Я любила над книжкой поплакать . Аксаковский «Аленький цветочек», выученный наизусть, неизменно вызывал ужас, что чудовище погибнет. «Козетта» Виктора Гюго входила в число многократно перечитываемых, как и те книжки, где был детский приют («Оливер Твист»), сиротство (Гектор Мало «Без семьи», чеховский «Ванька»), угнетаемые негры («Хижина дяди Тома»), «Маленький оборвыш» Гринвуда или что-то в этом роде. Отдельно хочу сказать о шолом-алейхемовском «Мальчике Мотле» не только потому, что это, и на мой сегодняшний взгляд, великая книга, но и потому, что именно на ней я впервые задумалась о своих еврейских корнях.
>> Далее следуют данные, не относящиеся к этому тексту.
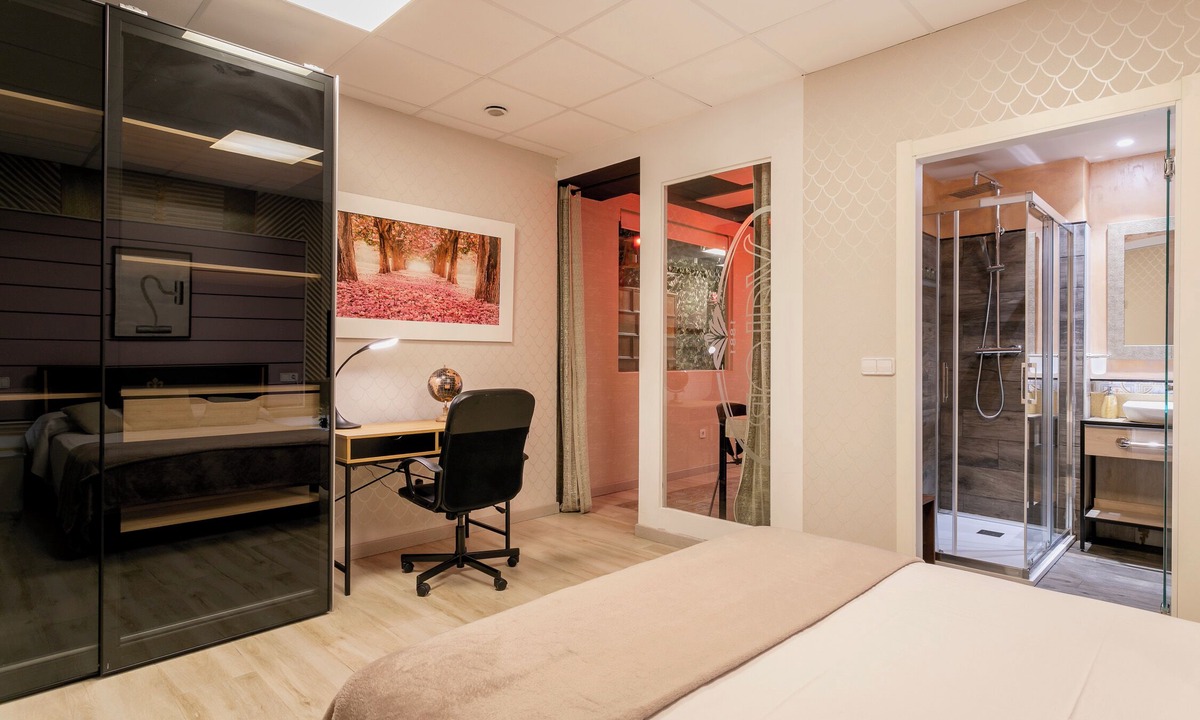 Ensanche Diputacion Apartment | DELICIAS (Near the Real Club de Regatas)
Мальчик Мотл своей речью, интонациями и многими неуловимыми чертами напоминал мне деда Исаака.

Как ни странно, в эту же категорию «поплакать» входил «Дон Кихот», конечно, адаптированный. Я стала искать в Интернете автора пересказа для детей, но вместо этого наткнулась на цитату из Генриха Гейне: «Сердце мое готово было разорваться, когда я читал о том, как благородный рыцарь, оглушенный и весь смятый, лежал на земле и, не поднимая забрала, словно из могилы, говорил победителю слабым умирающим голосом: «“Дульсинея Тобосская – самая прекрасная женщина в мире, а я самый несчастный рыцарь на свете, но мое бессилие не должно поколебать эту истину”» . «Хитроумного идальго» трудно назвать «маленьким человеком», но по силе испытанного сострадания он сопоставим для меня только с Акакием Акакиевичем. Его было безумно жаль, и как никому из литературных героев хотелось ему помочь, а «Шинель» я и сейчас читать без слез не могу. Раз уж я раскрываю градус своей читательской чувствительности, не постыжусь, нарываясь на упреки, включить в этот ряд ослика Иа-Иа, типологически им родственного и вызывающего то же душераздирающее сочувствие.